Excerpts from a dataset:
==================================================

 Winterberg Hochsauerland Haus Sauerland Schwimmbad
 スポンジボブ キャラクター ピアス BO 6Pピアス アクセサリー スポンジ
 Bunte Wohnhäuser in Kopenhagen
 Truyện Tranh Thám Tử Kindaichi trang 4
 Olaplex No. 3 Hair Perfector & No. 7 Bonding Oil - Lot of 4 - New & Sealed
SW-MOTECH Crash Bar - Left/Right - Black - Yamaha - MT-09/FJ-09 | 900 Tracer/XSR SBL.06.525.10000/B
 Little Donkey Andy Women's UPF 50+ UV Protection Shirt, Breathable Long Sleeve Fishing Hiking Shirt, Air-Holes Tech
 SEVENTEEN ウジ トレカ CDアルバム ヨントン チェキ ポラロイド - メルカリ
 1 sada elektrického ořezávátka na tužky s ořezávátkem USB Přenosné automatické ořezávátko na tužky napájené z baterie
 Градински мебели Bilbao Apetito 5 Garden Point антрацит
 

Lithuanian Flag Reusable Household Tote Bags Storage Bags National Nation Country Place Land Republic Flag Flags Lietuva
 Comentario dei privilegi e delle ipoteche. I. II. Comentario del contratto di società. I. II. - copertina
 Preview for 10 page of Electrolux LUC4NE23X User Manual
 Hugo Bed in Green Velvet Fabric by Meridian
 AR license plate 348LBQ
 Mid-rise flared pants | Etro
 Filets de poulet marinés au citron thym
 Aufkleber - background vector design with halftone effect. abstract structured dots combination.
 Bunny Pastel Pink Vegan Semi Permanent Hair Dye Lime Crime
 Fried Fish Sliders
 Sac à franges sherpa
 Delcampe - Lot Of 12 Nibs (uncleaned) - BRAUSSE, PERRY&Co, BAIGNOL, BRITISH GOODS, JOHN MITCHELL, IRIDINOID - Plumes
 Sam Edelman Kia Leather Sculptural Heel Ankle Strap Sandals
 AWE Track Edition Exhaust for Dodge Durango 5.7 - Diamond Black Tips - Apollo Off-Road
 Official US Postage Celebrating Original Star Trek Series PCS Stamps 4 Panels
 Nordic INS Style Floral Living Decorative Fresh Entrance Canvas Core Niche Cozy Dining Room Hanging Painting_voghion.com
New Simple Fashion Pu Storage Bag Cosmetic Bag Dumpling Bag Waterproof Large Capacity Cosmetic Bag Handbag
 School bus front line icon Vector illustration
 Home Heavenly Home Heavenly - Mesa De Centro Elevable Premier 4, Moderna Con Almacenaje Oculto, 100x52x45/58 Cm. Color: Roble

==================================================

* _YOUR TASK_
Return, unchanged, the run of lines above that opens with the line containing "Filets de poulet marinés au citron thym" and closes with the line containing "Sam Edelman Kia". Include both.

* _SOLUTION TO THE EXERCISE_
 Filets de poulet marinés au citron thym
 Aufkleber - background vector design with halftone effect. abstract structured dots combination.
 Bunny Pastel Pink Vegan Semi Permanent Hair Dye Lime Crime
 Fried Fish Sliders
 Sac à franges sherpa
 Delcampe - Lot Of 12 Nibs (uncleaned) - BRAUSSE, PERRY&Co, BAIGNOL, BRITISH GOODS, JOHN MITCHELL, IRIDINOID - Plumes
 Sam Edelman Kia Leather Sculptural Heel Ankle Strap Sandals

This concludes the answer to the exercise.